![]() |
picture from google |
“Hai,
apa kabar? Aku rindu.” Sungguh rasanya ingin sekali ku mengirim pesan itu ke
dirimu, tapi ku tak sanggup. Luka itu masih terlalu perih, kesedihan itu masih
tetap ada, dan mengikhlaskanmu masih terasa terlalu sulit bagiku. Aku tak tahu
bagaimana dengan dirimu, apakah kau merasakan hal yang sama dengan diriku, atau
hanya aku saja yang merasakannya.
Aku
mencoba melupakannya untuk menyembuhkan luka itu, tapi malah ku semakin
mengingat apa yang telah kita lewati bersama. Terlalu banyak kenangan itu. Dan
kau masuk terlalu dalam di hatiku. Atau aku yang terlalu berharap padamu. Ah
entahlah, aku tak paham dengan semua yang terjadi.
Aku
tak tahu apa yang terakhir kau sampaikan kepadaku itu jujur atau tidak. Aku
sungguh tak tahu. Apakah benar itu jawaban atas doamu, atau justru itu jawaban
atas doaku. Aku sungguh tak tahu. Mungkin pertemuan dan kedekatan kita beberapa
waktu belakangan adalah sebuah kesalahan. Terlalu banyak aturan-Nya yang kita
langgar. Sehingga Dia harus memisahkan kita, sebelum kita semakin berbuat
maksiat kepada-Nya. Tapi hatiku yang lain berkata, mengapa harus terjadi
kepadaku, sedangkan banyak yang lain yang jauh lebih melanggar aturan-Nya,
mengapa hubungan mereka baik – baik saja, sedangkan hubungan kita tidak.
“Allah
punya rencana lain, kau tidak baik bagiku, dan Allah akan ganti yang lebih
baik.” Sekelilingku menguatkan, termasuk keluargaku. Aku bersyukur Allah masih
hadirkan orang – orang yang manguatkan ku dimasa yang begitu sulit bagiku ini.
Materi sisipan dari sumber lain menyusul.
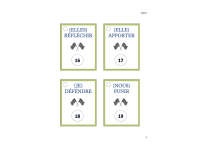 Product image #5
Aku merasa, kepergianmu ini adalah masa yang paling sulit dari sebelum –
sebelumnya. Aku tahu, rasa sakit ku yang teramat dalam ini adalah kesalahanku
sendiri yang terlalu berharap kepadamu, maka Allah hadirkan kekecewaan yang
begitu sakit juga. Aku pikir kau serius kepadaku saat kau bilang pada orang
tuaku, ternyata aku salah. Aku salah karena begitu percaya padamu, aku salah
karena begitu berharap padamu, dan aku sungguh salah karena berekspektasi
terlalu tinggi padamu.
Saat
kau mengirim pesan itu, yang begitu tiba – tiba, sungguh aku berusaha kuat, aku
berusaha tenang, tapi lagi – lagi aku kalah. Aku begitu rapuh, hatiku begitu
berantakan. Apakah kau merasakan hal yang sama denganku? Aku ingin tahu, tapi
aku juga yang sungguh tak berani untuk tahu hal itu, aku takut akan jadi lebih
kecewa. Seminggu berlalu pun hatiku masih berantakan, hanya lebih sedikit
tenang. Aku masih terus berusaha untuk mengikhlaskanmu. Allah lah yang paling
tahu terbaik buat kita bukan? Hanya kita saja yang terlalu bodoh untuk tahu
rencana Allah, dan hanya bisa menunggu waktu yang menjawab, hingga pada
akhirnya kita akan tahu bukan.
Kalau
memang kau adalah jodohku, pasti Allah akan pertemukan dan persatukan kita
dengan cara yang lebih baik bukan. Kalau pun bukan dirimu jodohku, pasti Allah
akan hadirkan yang terbaik untuk kita bukan. Kalimat itu yang masih terus
berusaha aku yakinkan, supaya hatiku menjadi lebih tenang. Tapi tanpa diundang,
apa yang pernah kita lakukan bersama yang begitu menyenangkan hadir dalam
pikiran ku. Itulah yang membuat aku sulit untuk benar – benar ikhlas. Ku sudah
baca beberapa buku terkait menenangkan hati, ku sudah tahu teori untuk
mengikhlaskan, tapi praktinya sungguh teramat sulit. Sulit bukan berarti tidak
bisa bukan? Biarlah waktu yang akan menjawab. Dan biarlah Allah hadirkan siapa
yang terbaik untuk kita. Semoga kau selalu baik – baik saja disana, dan
keluarga mu selalu Allah berkahi ya. Salam rindu dariku yang mungkin kau tak
pernah tahu, bahwa aku menulis ini untukmu.